November 25, 2003
You Can Do It!!

Update:
As of 11:59 p.m. on 11/24 I have 29,739 words. But after this post I am going back to work and will drag the word count over 30,000.

Morale:
Improved. The NaNoWriMo pep talk for Week Four (which at this time isn't up on their site yet) actually got me moving again, like a Romanian gymnastics coach shouting, "You can do it!!!" over and over (I swear, that's much funnier in a Romanian accent, so if you didn't read it that way the first time, go back and give it another try).

(Okay, now try, "Nadya never cried over broken ankle, American sweetheart sissy girl! Now get up! You can do it!!")

Also, I realized how completely humiliating it would be to not finish.

Here's a long excerpt, in honor of D, who also helped get me charged up again. E was a big help, too, but he's been a pain in the ass about how I keep forgetting to close the HTML blockquote tags at the end of my excerpts, so I'm only dedicating the tags to him.

Where was I? Oh, yeah, the excerpt:

When I arrive at the shelter on Saturday there are more volunteers than usual, and they’ve brought enough paint and painting supplies to give most of the rooms a fresh coat. The place is in chaos, and there really isn’t anything else to do but help them, so I grab a roll of masking tape and start preparing window frames.

The volunteers are clustered together, elbow to elbow with their paint rollers on the other side of the room.

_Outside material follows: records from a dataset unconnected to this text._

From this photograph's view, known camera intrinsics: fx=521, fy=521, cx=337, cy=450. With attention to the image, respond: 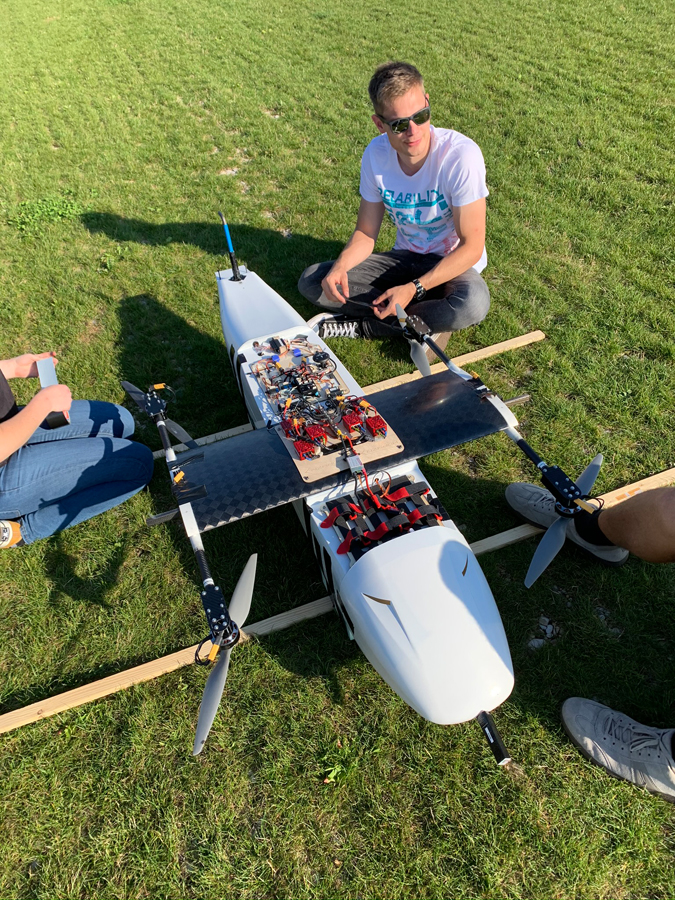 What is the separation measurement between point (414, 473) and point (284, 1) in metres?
16.6

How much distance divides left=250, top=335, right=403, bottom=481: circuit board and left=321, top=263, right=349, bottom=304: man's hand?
855 millimetres

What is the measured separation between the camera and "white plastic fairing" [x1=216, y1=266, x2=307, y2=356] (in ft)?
16.3

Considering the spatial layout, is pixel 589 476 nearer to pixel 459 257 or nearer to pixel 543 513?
pixel 543 513

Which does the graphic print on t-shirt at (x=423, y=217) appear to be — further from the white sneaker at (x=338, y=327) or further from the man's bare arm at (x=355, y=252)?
the white sneaker at (x=338, y=327)

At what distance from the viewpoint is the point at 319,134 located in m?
9.37

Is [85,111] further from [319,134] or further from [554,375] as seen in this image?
[554,375]

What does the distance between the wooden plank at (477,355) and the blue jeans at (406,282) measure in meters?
0.35

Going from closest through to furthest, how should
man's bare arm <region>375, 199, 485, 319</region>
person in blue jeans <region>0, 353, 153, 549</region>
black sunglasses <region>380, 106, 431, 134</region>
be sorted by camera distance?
person in blue jeans <region>0, 353, 153, 549</region>, black sunglasses <region>380, 106, 431, 134</region>, man's bare arm <region>375, 199, 485, 319</region>

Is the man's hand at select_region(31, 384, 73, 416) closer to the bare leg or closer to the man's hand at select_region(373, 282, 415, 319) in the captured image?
the man's hand at select_region(373, 282, 415, 319)

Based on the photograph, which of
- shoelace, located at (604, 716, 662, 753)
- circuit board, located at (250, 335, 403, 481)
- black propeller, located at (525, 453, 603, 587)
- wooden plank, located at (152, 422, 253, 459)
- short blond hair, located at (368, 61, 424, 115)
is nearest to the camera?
shoelace, located at (604, 716, 662, 753)

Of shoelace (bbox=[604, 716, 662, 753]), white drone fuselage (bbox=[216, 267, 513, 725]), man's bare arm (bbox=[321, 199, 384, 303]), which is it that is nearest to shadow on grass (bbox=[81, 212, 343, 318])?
man's bare arm (bbox=[321, 199, 384, 303])

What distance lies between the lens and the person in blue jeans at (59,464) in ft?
12.6

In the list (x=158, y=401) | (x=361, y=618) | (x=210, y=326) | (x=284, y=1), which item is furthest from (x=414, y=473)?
(x=284, y=1)

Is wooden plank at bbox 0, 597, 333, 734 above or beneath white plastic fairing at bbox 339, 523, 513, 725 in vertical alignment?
beneath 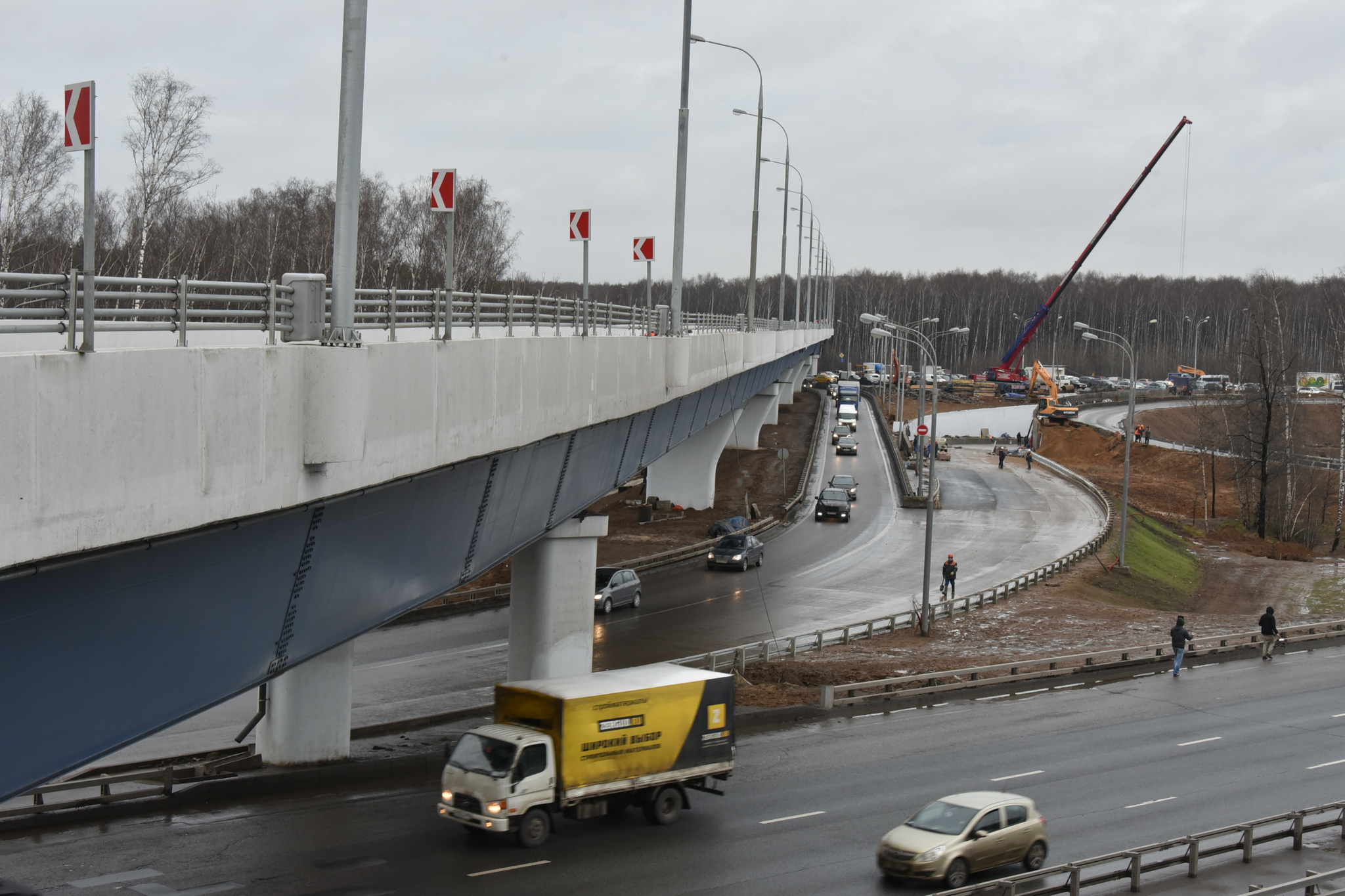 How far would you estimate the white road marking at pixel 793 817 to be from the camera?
1977cm

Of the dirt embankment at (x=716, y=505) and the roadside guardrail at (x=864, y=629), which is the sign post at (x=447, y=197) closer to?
the roadside guardrail at (x=864, y=629)

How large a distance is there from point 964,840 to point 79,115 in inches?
534

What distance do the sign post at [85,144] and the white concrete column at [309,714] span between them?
16376mm

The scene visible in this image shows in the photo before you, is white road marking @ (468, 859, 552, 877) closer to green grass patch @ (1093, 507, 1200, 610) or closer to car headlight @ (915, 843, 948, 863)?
car headlight @ (915, 843, 948, 863)

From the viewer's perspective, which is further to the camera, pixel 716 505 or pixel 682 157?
pixel 716 505

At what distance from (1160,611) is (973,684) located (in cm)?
1762

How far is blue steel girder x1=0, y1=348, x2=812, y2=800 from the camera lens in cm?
797

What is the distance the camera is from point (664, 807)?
1955 cm

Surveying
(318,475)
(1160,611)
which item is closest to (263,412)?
(318,475)

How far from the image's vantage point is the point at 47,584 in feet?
25.7

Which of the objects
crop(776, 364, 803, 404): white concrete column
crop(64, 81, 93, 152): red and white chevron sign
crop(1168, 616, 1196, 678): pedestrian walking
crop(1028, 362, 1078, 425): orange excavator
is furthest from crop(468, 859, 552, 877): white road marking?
crop(776, 364, 803, 404): white concrete column

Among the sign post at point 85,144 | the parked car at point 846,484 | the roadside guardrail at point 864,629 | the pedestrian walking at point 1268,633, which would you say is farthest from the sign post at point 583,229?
the parked car at point 846,484

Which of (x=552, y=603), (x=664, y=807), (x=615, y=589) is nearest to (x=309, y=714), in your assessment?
(x=552, y=603)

One of them breaks away from the pack – either she’s realized that there are too many of them on one wall, or she sees an opportunity to satisfy her curiosity. Either way, she picks up a roll of masking tape and comes over to help me.

I’ve seen her volunteering at the shelter on weekdays, a prim and careful ash blonde who is aging delicately if not quite gracefully. Something about her thin, pastel-wrapped limbs makes me want to spike the mysterious contents of her omnipresent travel mug with calcium supplements.

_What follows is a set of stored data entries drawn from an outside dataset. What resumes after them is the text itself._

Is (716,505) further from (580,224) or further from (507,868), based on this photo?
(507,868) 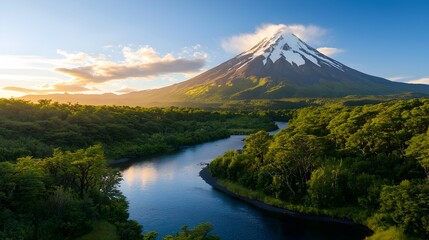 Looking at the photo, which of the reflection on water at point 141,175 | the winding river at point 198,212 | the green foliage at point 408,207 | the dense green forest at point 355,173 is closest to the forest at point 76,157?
the winding river at point 198,212

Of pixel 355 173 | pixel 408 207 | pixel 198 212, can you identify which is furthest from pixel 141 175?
pixel 408 207

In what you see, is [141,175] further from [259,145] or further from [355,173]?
[355,173]

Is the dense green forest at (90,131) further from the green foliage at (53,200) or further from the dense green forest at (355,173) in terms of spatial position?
the dense green forest at (355,173)

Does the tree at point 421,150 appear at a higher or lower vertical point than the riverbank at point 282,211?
higher

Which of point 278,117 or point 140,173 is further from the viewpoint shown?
point 278,117

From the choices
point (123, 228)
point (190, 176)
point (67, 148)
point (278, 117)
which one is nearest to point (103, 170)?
point (123, 228)

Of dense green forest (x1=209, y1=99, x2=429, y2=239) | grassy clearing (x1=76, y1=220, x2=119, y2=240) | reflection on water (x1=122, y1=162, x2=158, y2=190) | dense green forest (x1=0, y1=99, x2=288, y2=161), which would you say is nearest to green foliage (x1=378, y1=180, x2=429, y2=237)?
dense green forest (x1=209, y1=99, x2=429, y2=239)

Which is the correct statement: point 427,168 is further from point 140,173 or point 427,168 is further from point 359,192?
point 140,173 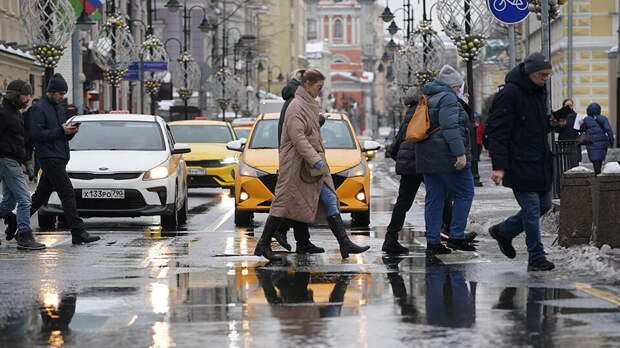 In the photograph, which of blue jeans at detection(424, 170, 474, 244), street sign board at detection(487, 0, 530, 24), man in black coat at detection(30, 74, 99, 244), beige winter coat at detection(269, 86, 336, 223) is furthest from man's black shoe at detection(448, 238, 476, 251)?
street sign board at detection(487, 0, 530, 24)

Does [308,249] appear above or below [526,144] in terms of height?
below

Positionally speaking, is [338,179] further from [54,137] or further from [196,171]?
[196,171]

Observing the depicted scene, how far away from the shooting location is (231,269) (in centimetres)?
1202

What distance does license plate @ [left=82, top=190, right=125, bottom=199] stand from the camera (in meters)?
17.6

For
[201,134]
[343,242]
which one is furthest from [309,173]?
[201,134]

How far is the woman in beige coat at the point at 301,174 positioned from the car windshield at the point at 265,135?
5.98 metres

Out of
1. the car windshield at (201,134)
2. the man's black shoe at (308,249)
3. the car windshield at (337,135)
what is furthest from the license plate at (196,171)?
the man's black shoe at (308,249)

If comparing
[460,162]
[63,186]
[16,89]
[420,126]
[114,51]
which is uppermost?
[114,51]

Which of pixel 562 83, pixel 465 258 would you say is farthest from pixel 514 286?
pixel 562 83

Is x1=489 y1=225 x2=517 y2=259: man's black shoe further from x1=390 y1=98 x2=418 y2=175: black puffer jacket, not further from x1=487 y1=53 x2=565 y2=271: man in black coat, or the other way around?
x1=390 y1=98 x2=418 y2=175: black puffer jacket

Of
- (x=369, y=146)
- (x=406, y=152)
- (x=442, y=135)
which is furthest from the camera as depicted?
(x=369, y=146)

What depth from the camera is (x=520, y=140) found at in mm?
11477

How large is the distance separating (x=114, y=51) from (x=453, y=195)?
27891 mm

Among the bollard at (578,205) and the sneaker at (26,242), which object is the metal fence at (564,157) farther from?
the sneaker at (26,242) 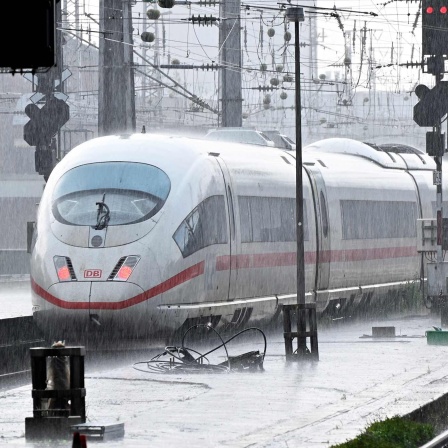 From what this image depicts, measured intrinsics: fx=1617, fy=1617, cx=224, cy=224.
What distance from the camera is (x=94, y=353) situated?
22.6 meters

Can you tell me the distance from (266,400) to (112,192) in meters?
7.67

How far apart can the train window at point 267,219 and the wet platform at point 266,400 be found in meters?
3.66

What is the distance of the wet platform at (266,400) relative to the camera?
41.4 feet

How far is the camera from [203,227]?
22.9 metres

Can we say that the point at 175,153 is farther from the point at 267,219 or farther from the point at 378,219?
the point at 378,219

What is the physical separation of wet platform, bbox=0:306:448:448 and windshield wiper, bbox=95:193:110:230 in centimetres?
187

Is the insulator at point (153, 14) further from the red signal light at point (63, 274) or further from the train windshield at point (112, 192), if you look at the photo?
the red signal light at point (63, 274)

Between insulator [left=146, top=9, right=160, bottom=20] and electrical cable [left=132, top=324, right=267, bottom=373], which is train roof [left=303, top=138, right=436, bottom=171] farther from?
electrical cable [left=132, top=324, right=267, bottom=373]

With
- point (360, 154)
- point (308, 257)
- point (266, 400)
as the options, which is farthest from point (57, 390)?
point (360, 154)

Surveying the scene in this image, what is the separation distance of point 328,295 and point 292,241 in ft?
6.06

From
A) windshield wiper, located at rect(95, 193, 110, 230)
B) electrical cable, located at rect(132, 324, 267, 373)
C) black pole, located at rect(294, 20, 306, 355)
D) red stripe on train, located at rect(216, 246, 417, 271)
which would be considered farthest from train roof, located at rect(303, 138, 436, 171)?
electrical cable, located at rect(132, 324, 267, 373)

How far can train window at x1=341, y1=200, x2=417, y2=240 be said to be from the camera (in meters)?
30.2

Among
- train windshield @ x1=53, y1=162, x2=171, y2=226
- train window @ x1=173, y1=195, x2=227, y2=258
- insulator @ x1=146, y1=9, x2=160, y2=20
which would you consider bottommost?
train window @ x1=173, y1=195, x2=227, y2=258

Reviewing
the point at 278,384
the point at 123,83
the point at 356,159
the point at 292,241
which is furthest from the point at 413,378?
the point at 356,159
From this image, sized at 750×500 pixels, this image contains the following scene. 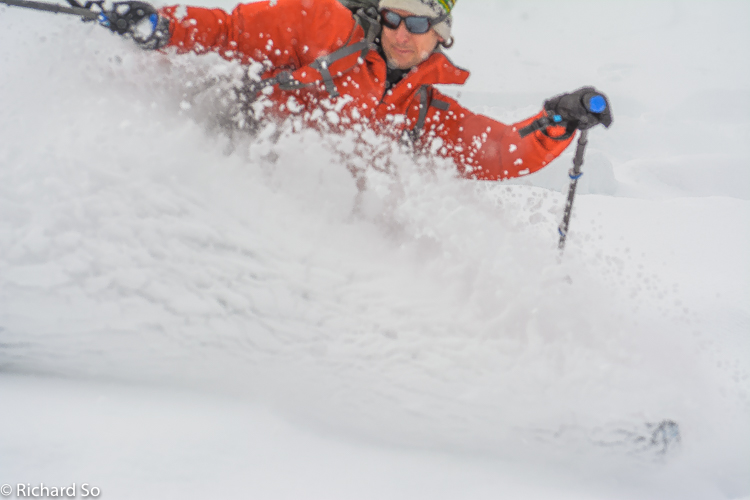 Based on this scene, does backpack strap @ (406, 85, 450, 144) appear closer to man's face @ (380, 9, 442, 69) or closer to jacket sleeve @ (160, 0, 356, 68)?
man's face @ (380, 9, 442, 69)

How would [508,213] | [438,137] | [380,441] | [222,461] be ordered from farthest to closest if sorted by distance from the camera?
[438,137] → [508,213] → [380,441] → [222,461]

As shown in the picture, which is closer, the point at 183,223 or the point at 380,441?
the point at 380,441

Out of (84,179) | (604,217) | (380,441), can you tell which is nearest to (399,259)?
(380,441)

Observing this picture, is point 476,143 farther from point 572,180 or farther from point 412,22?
point 412,22

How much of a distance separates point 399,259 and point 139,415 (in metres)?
0.92

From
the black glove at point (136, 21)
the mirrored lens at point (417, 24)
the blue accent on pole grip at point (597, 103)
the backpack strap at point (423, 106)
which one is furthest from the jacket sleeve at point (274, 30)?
the blue accent on pole grip at point (597, 103)

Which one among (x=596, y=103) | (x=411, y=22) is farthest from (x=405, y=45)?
(x=596, y=103)

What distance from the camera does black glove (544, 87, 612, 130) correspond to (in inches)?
57.2

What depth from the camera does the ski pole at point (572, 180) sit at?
162cm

I don't know much about her, except that she’s aware I work at the shelter to complete court-ordered community service. She’s aware of this not because I’m wearing orange overalls or an electronic ankle bracelet, but because that kind of information just gets around.

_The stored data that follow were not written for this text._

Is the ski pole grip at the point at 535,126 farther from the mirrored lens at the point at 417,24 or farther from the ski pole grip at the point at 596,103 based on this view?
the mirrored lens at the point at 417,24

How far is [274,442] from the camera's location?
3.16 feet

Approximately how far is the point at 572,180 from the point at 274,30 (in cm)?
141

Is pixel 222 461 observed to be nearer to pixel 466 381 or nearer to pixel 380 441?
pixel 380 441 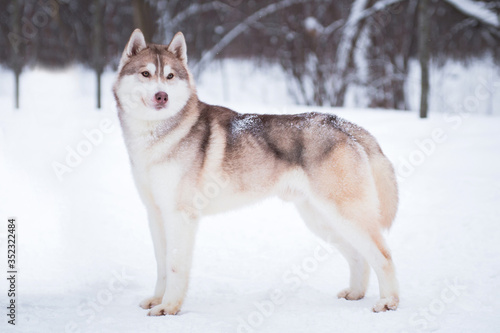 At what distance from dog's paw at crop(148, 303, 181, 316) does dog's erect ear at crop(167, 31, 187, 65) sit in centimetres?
166

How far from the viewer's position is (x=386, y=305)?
121 inches

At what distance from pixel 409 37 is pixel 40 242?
9295mm

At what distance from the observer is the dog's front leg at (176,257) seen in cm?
304

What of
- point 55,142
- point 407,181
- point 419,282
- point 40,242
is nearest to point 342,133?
point 419,282

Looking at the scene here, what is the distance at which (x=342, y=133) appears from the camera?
3322 millimetres

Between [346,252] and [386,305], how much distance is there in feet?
1.81

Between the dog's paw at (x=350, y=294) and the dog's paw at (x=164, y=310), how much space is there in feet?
4.01

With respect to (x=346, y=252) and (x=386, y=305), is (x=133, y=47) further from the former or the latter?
(x=386, y=305)

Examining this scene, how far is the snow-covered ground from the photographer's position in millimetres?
2998

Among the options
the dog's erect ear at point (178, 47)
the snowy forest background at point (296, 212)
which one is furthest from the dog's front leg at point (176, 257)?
the dog's erect ear at point (178, 47)

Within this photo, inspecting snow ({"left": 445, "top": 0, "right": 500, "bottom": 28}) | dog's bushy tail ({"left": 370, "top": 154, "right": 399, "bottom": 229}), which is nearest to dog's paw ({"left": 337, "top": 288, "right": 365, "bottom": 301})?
dog's bushy tail ({"left": 370, "top": 154, "right": 399, "bottom": 229})

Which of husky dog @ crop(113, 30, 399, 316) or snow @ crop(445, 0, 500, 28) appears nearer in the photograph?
husky dog @ crop(113, 30, 399, 316)

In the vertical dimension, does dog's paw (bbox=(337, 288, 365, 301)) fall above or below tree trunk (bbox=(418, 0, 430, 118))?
below

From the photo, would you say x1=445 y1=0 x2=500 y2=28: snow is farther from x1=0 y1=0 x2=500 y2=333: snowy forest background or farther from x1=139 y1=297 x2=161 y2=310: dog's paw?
x1=139 y1=297 x2=161 y2=310: dog's paw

At first we work silently, but I can tell it won’t last – she’s the type who can’t resist striking up a conversation. The only surprise will be in how she does it.


"DUI?" she says, managing to seem sympathetic and disapproving at the same time. I have to give her credit for complexity and directness, if not imagination.

I’m sorely tempted to make up an outrageous story, possibly involving the theft of prize-winning bull semen, but I’m forced to acknowledge that the real story is pretty outrageous, and I settle for telling her that.

"You just hit him with a glass, bam, right in the ear?" Her eyes are wide, and eager for gory details in a way that seems unbecoming in a volunteer.

"Yes. Bam, right in the ear."

"And they arrested you!"

"Yep. And here I am."

"But he was harassing you!"

"Yes, but he wasn’t endangering me. Apparently there’s a substantial difference."

"Well I don’t think there’s much difference." She leans in conspiratorially. "It sounds to me like he had it coming, calling you the ‘c’ word like that."

I shrug my shoulders. Her admiration is making me uncomfortable, and the idea that admiration could make me uncomfortable is discomfiting in itself.

She goes burbling on, riled by the injustice of it all. "I think the real crime is how men think they can treat women so disrespectfully. I think a lot of them could use a lesson like you taught that young man. I bet he’ll think twice before he calls another woman the ‘c’ word, or even the ‘b’ word."

"Well, I hope so, but I’m not sure a few stitches will keep him from being an ‘a’ word."

She blinks twice before letting out a stream of giggles.

"Oh, you’re terrible!" she laughs, and makes a flattering show of regaining her composure. "So," she says, back in conspiracy mode, "How many hours of community service did you get?"

"Two hundred."

"That’s not bad. I mean, if they were going to punish you for it at all, two hundred hours of community service isn’t that bad."

"No, it isn’t. And this place is doing very good work."

"Yes, it certainly is. I like volunteering here. I’ve been volunteering here six hours a week, for, oh, three months now. That’s, what…"

"Seventy-two hours," I say.

"Seventy-two hours," she echoes.

We lapse into silence, painting opposite sides of the window frame. I can tell by her reflection in the glass, and particularly the set of her mouth, that she’s enjoying her daydream.

I really should make sure she knows that if she does take it upon herself to teach someone a lesson, her seventy-two hours of volunteering probably won’t count as time served.